B.C. premier in campaign mode already

It will be more than a year before British Columbians go to the polls, but Premier Christy Clark is already in electioneering mode.

Premier claims not to have seen latest poll showing rivals strengthening

Slumping poll numbers have pushed the B.C. Liberals into what looks like campaign mode 2:09

It will be more than a year before B.C. residents go to the polls in a provincial election, but Premier Christy Clark is already electioneering.

In a speech Monday to a crowd of about 800 sponsored by the Urban Development Institute, Clark appealed to those "who care about a future for free enterprise," to help the Liberals win the May 14, 2013 election.

"But I can't do it alone, my team can't do it alone. We need everyone in this room today," she said, after noting she was speaking to a room that represented about 18 per cent of the gross domestic product in B.C.

The Urban Development Institute has about 600 corporate and thousands of individual members representing land planning and development in the province.

The Liberal premier told the crowd that voters will have a choice between a government that looks after their money and respects taxpayers and an NDP government that will do the opposite by increasing the deficit and raising taxes.

Her plea comes as the latest public opinion poll puts the NDP 20 percentage points ahead of the Liberals and has the Conservatives neck and neck with the Liberals for those intending to vote.

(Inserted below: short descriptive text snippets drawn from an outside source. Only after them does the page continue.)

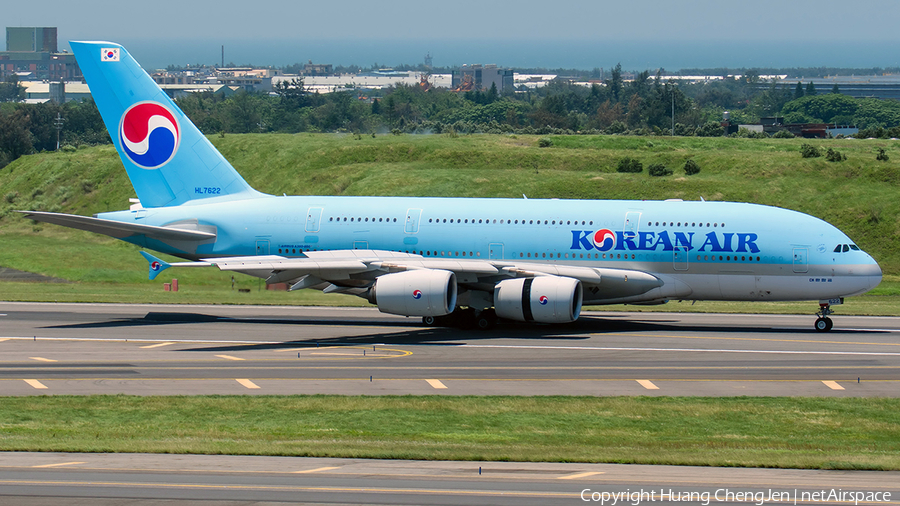 Korean Air Airbus A380-861 (HL7622) | Photo 678793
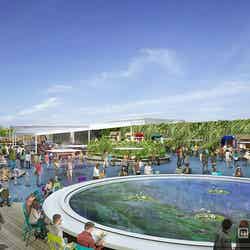 西武池袋本店屋上に空中庭園が誕生 フードもお酒も楽しめる新デートスポット【モデルプレス】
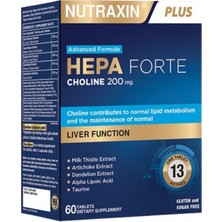 Nutraxin Hepa Forte Kolin 60 Tablet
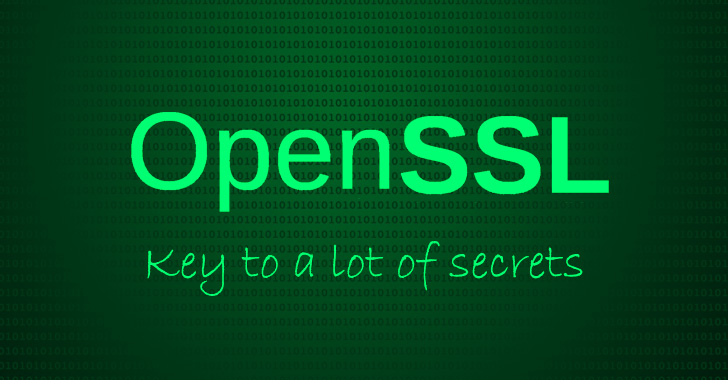 openssl | jrdhub | OpenSSL Releases Patch for 2 New High-Severity Vulnerabilities | https://jrdhub.com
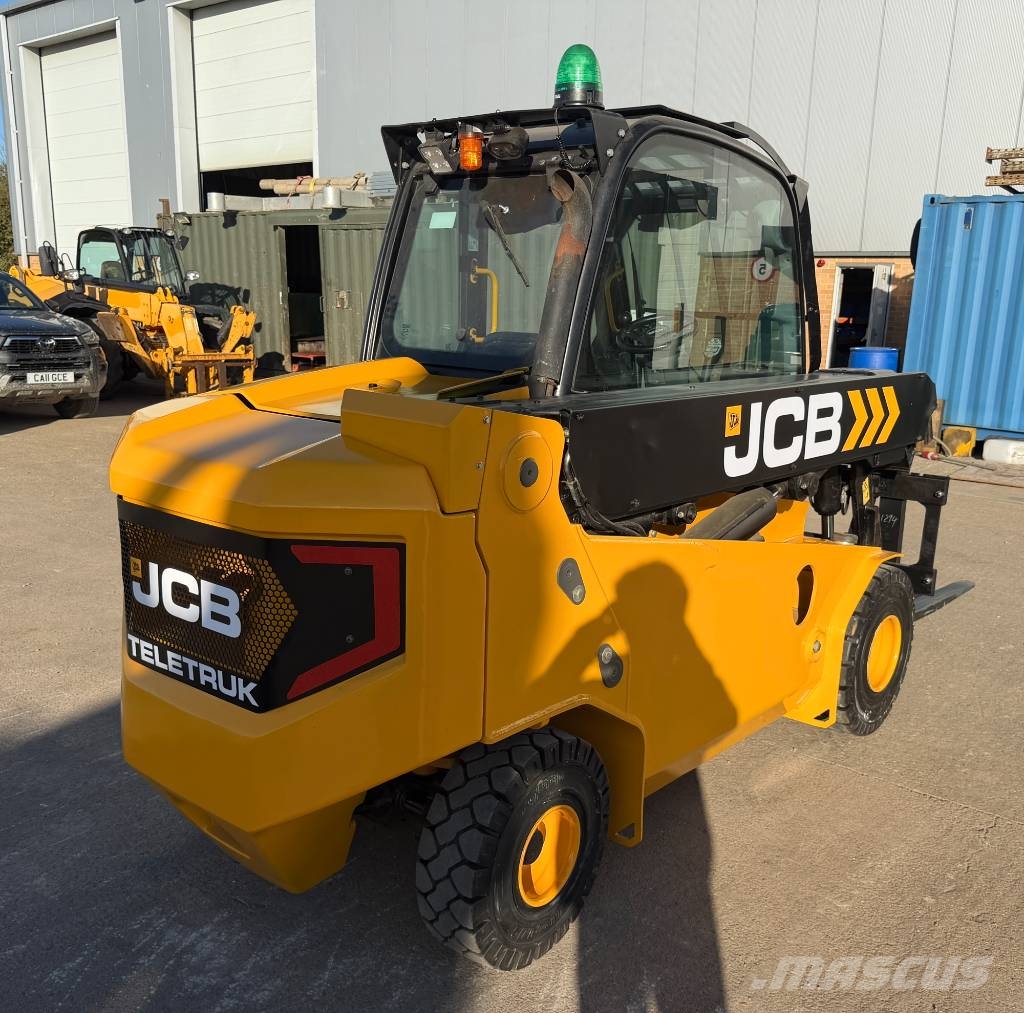 JCB 35-23D Viljuškari sa pomičnim stupom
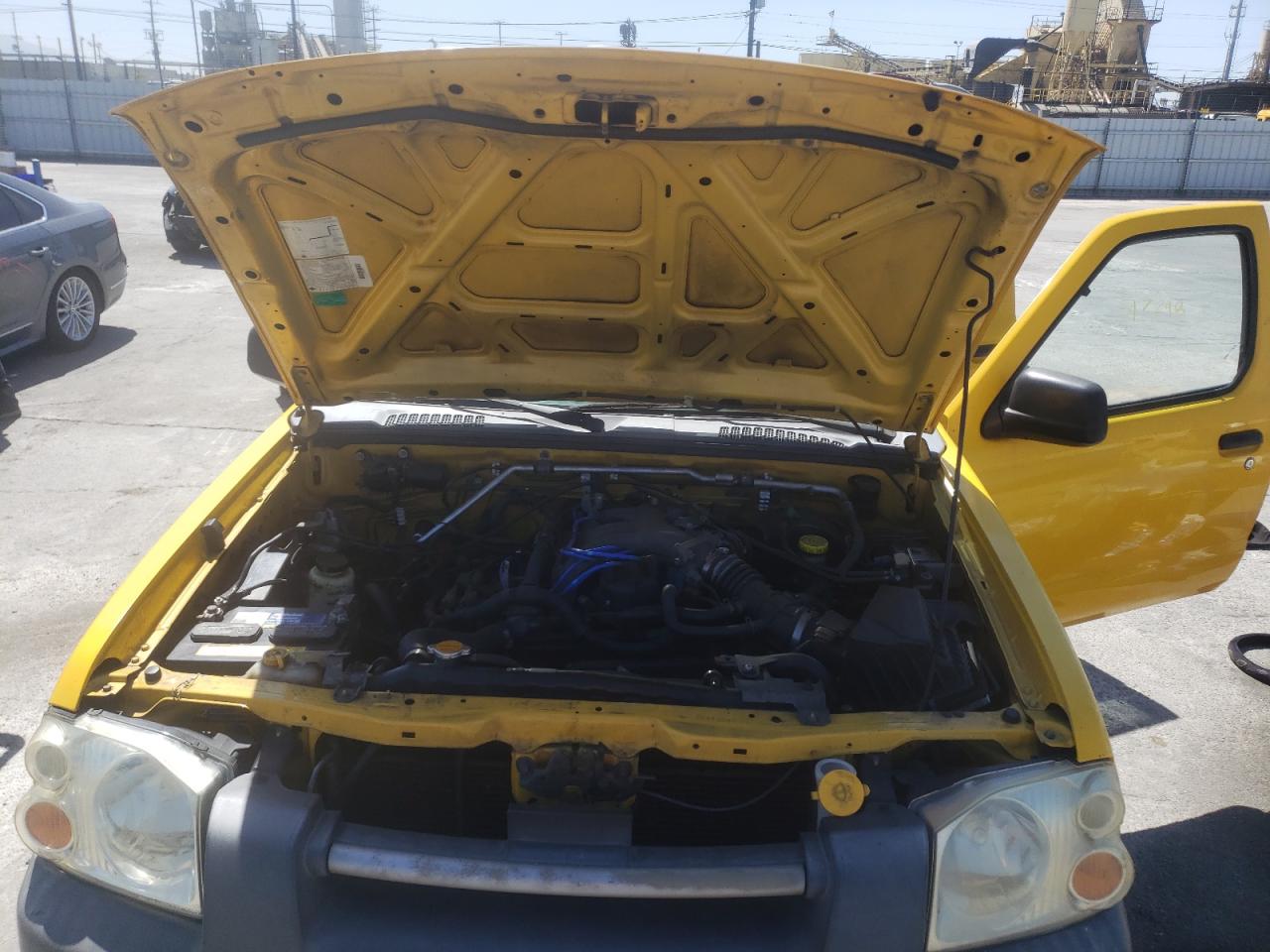 Photo 7 from auction – 2002 NISSAN FRONTIER C with VIN 1N6ED27T92C373297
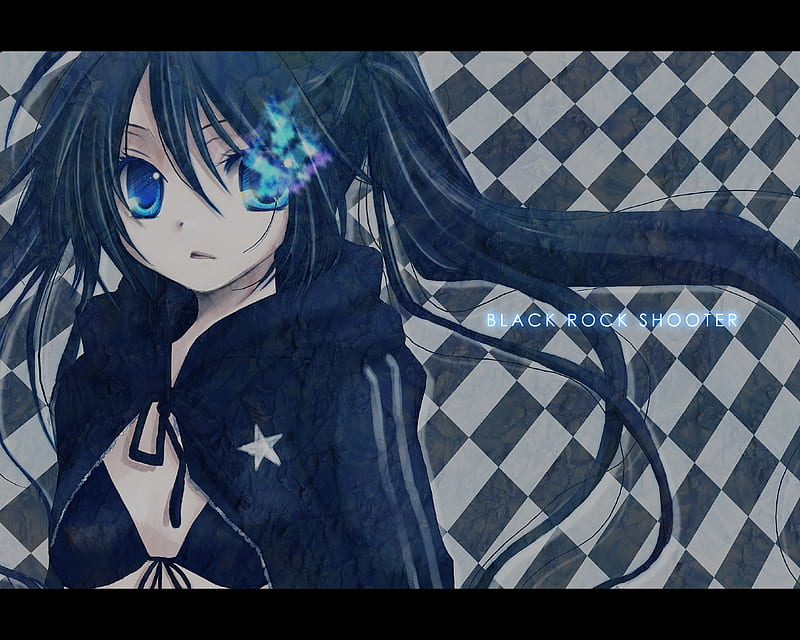 Hd Black Rock Shooter Character Wallpapers Peakpx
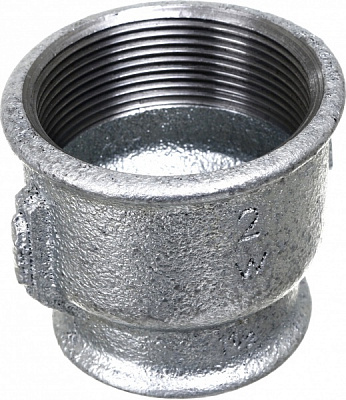 Перехідник Atusa оцинкований Ø2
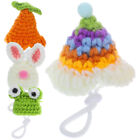 4 Pcs Tiny Hats Frog Decor Mini Pet Hamster Accessories Pets Supplies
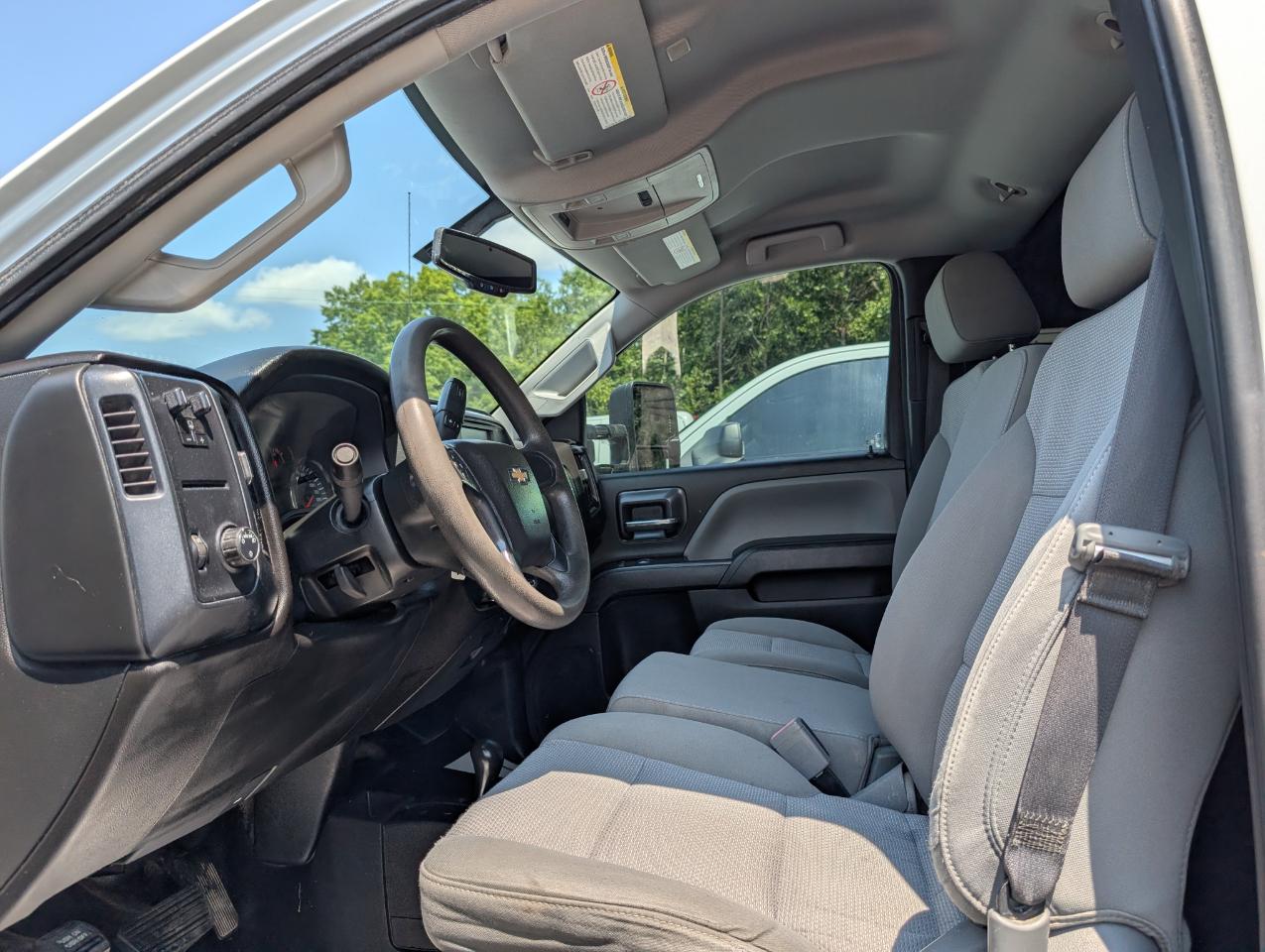 Chevrolet Silverado 2500HD Work Truck 4WD 2019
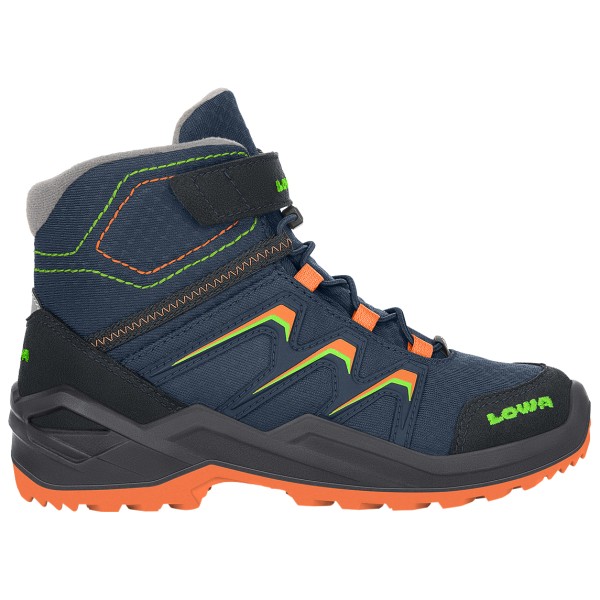Lowa - Kid's Maddox Warm GTX Mid Junior - Winterschuhe Gr 30 blau von Lowa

Last week, Liberal backbencher John van Dongen left the party to go to the provincial Conservatives after a fiery speech in the legislature aimed at scorching Clark's leadership.

"We have faced some challenges, no question about it. In the next year, before we get to the next election, we will face more challenges as well." Clark told the crowd.

But Clark said her government will look those challenges in the eye and wrestle them to the ground because she wants voters to have a choice.

"The choice is going to be between a government that looks after their money, that respects taxpayers, that decides it wants to support a thriving private sector," she said. "Or a choice between a government that will do the opposite."

She said people are always talking about shrinking the gap between rich and poor, and she agrees.

"But you don't shrink the gap between rich and poor by trying to punish those who are successful."

Bob Rennie shout out

Instead, government needs to grow the middle class by putting people to work, not "by sitting outside a tent at the art gallery," she said to laughter, referring to last year's Occupy Vancouver protest that was eventually shut down by a court order.

While Clark didn't once mention the provincial Conservative party, high-profile property marketer Bob Rennie followed up on Clark's speech by telling the crowd that a vote for the provincial Conservatives is a vote for the NDP.

"It's splitting votes. We have to get behind the Liberal party right now, we need free enterprise."

Rennie said he supported Clark in her leadership bid because the Liberal party needed a change, but now that the party has changed, the province doesn't need to change.

"I think what the turnout today shows is we're not all just loyal to the last poll that we read," he said. "I like the fact that Liberals are actually down in the polls because it gives us something to fight for."

Clark didn't want to talk about polls and refused to take questions from the media after her speech. In a running scrum that took Clark, her entourage and a crowd of media cameras and reporters through the back hallways of the hotel, Clark turned to the cameras and briefly replied that she hadn't seen the latest poll.